The Digital Government Development Agency (Public Organization) (Abrv: สพร.-DGA; สำนักงานพัฒนารัฐบาลดิจิทัล, ) is a Thai governmental agency whose mission is to digitize the workings of the Thai government through goal and standards setting, establishing best practices, and training of government employees. In the United Nations E-Government Survey 2018, Thailand was ranked 73 of 193 nations in the provision of digital services to citizens.

==History==
On 21 May 1997 the government established the Government Information Technology Services (GITS) under the National Science and Technology Development Agency (NSTDA).

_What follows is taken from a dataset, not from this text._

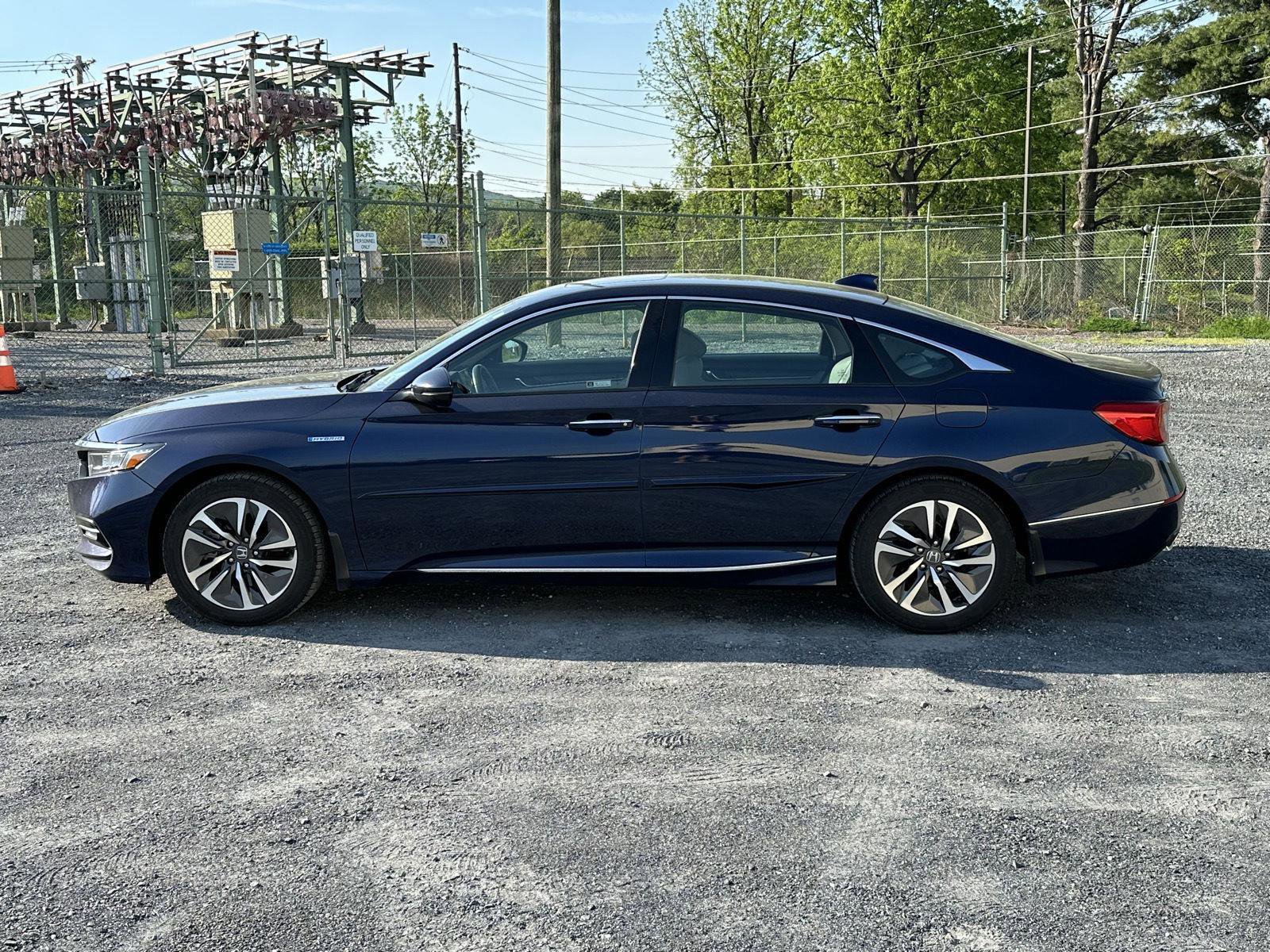 Used 2020 Honda Accord Touring image 5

On 21 February 2011, the Electronic Government Agency (Public Organization) (EGA) replaced GITS. The new agency, EGA, reported to the Ministry of Information and Communication Technology which later became the Ministry of Digital Economy and Society. On 13 May 2018, the Electronic Government Agency (EGA) became the Digital Government Development Agency (DGA) reporting to the Office of the Prime Minister.

As of October 2019, the president and CEO of the DGA is Dr Sak Segkhoonthod.

DGA's budget for FY2019 was 1,662 million baht.

In 2026, The Digital Government Development Agency (DGA) has been transferred under the direct control of the Ministry of Digital Economy and Society. This move ensures unified policy implementation and aligns with the Ministry's mission.

==Mission==
The Thai government has set the goal of all state agencies to become fully digitized by 2022. In October 2019 the DGA was given the mission of drafting a digital road map (2020-2022) for the government by November 2019. The road map will then be submitted to the cabinet to make it official policy. The agency has been working off of interim plans approved by the cabinet for several years already.

==Programs and plans==
The agency introduced the e-government portal www.egov.go.th several years ago to serve as a central information hub, helping people to obtain public services. It also developed and introduced in early-2019 the CITIZENinfo application, offering information for those searching for state agencies at 8,000 locations nationwide as well as posting the forms required by citizens to conduct business with those state agencies.

In 2018 the DGA published a two-year digital road map. The road map includes seven functions that ensure a full digital government transformation: government data exchange; one-stop service; government data centers; open government data; unified government communications; secure government intranet; and digital transformation programs.